Father of one of the two Rastafarian students initially rejected by Achimota School, Ras Nkrabea, has revealed how the legal war with Achimota School almost cost him his position as a deputy Chief Executive Officer (CEO) at his workplace.
He shared that his position was threatened as he devoted more time to the court case while balancing his time with his family and the other Rastafarian family involved in the issue.
He made this revelation during an interview with Samuel Eshun on the Happy Morning Show aired on e.TV Ghana and Happy 98.9FM.
“I almost lost my position as the deputy CEO of a company as I gave my whole time to the suit and it was very conflicting because I had to try and balance my position as the deputy CEO of the company and at the same time ensure that the advocacy goes the way I intended it to go. I also had to balance my family and Tyron’s family; balancing both of them at the same time and still deal with all the media advocacy that was going on. It was virtually extremely expensive. I can say it was very expensive”, he disclosed.

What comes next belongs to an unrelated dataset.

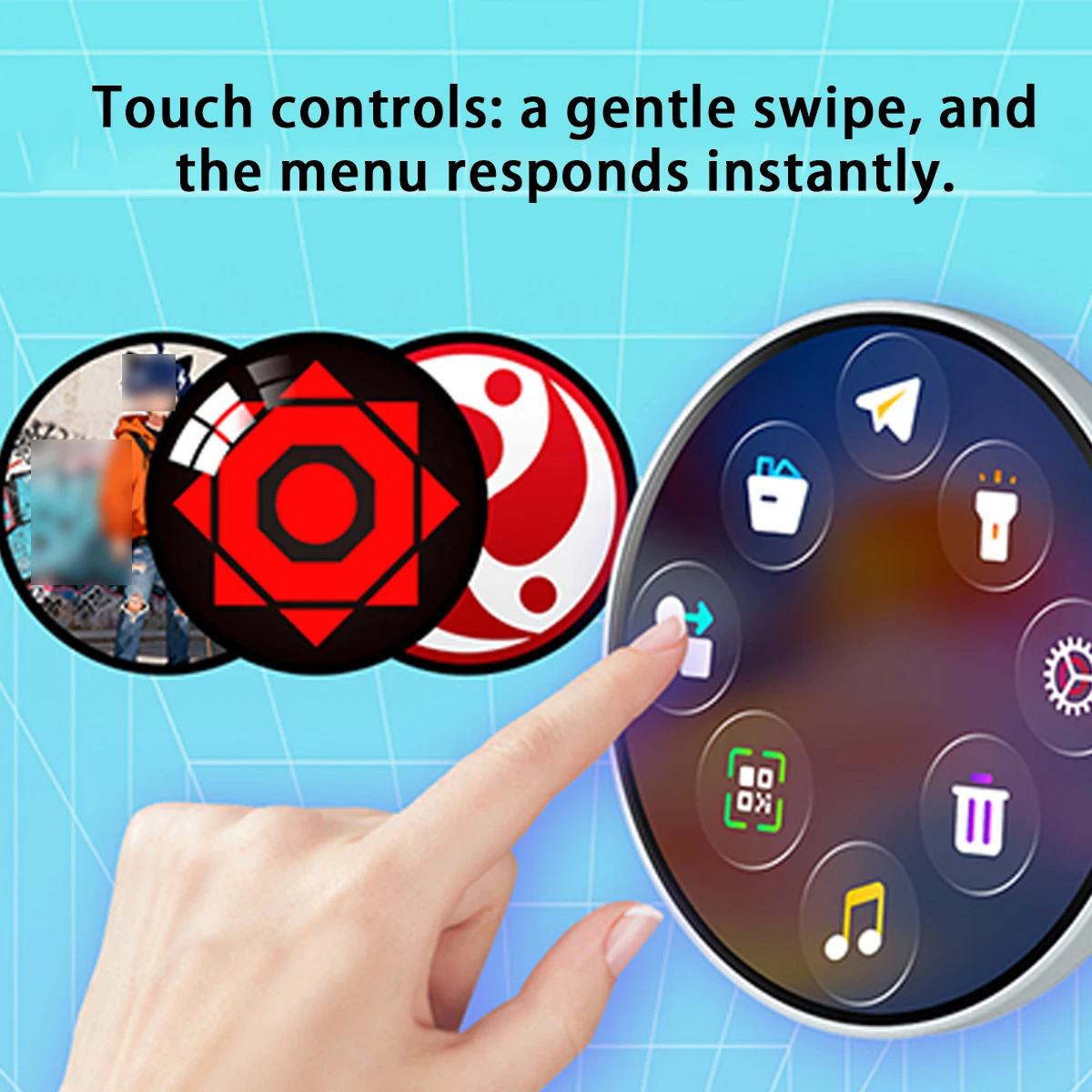 애니메이션 애호가를 위한 새해 선물 애니메이션 전자 액자 DIY 배지 컬러 스크린은 당신의 독특함을 표현합니다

Meanwhile, Ras Nkrabea, has expressed elation at the outcome of the judgement and was very pleased that students of the school warmly welcomed his son on the first day of school after the ruling.
The Father further appealed to anyone who wished to support the family to do so as that will support them after the legal war.
Achimota School became the center of debate when it refused to admit two Rastafarian students. This saw a section of the Ghanaian public criticizing the school authorities with others standing with them.
It can be recalled that the GES rescinded its decision to allow Achimota School admit the Rastafarian students and subsequently threw its support to the school for refusing to admit the students.
In recent news, however, the Human Rights Division of the Accra High Court has ordered Achimota School to admit the two Rastafarian students, after the two sued the school’s board of Governors, the Minister of Education, Ghana Education Service and the Attorney General to enforce their fundamental Human Rights.